# What is required:
Nothing but an exact copy is wanted: the line with "Conjunto de buzo" and each line after it in the data below, last line included.

# Source data:
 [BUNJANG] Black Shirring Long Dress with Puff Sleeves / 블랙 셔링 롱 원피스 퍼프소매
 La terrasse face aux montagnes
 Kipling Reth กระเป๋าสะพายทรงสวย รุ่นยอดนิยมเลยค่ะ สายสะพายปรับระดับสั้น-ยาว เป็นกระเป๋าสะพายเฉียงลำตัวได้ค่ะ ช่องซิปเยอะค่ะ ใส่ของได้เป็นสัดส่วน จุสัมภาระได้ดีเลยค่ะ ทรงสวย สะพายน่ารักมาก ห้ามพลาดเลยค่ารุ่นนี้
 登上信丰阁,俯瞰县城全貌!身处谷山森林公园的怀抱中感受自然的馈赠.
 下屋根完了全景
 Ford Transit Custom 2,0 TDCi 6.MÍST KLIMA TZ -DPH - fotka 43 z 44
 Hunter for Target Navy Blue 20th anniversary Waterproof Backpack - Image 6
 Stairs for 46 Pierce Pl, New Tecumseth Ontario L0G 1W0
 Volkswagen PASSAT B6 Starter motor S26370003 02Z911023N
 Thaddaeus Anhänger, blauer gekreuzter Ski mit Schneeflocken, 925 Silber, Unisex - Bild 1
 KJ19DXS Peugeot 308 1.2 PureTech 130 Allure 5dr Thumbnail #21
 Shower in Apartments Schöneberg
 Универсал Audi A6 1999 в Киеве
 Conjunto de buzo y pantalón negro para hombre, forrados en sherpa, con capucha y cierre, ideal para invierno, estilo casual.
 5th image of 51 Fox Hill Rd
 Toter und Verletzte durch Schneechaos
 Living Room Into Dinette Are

# Result of this exercise:
 Conjunto de buzo y pantalón negro para hombre, forrados en sherpa, con capucha y cierre, ideal para invierno, estilo casual.
 5th image of 51 Fox Hill Rd
 Toter und Verletzte durch Schneechaos
 Living Room Into Dinette Are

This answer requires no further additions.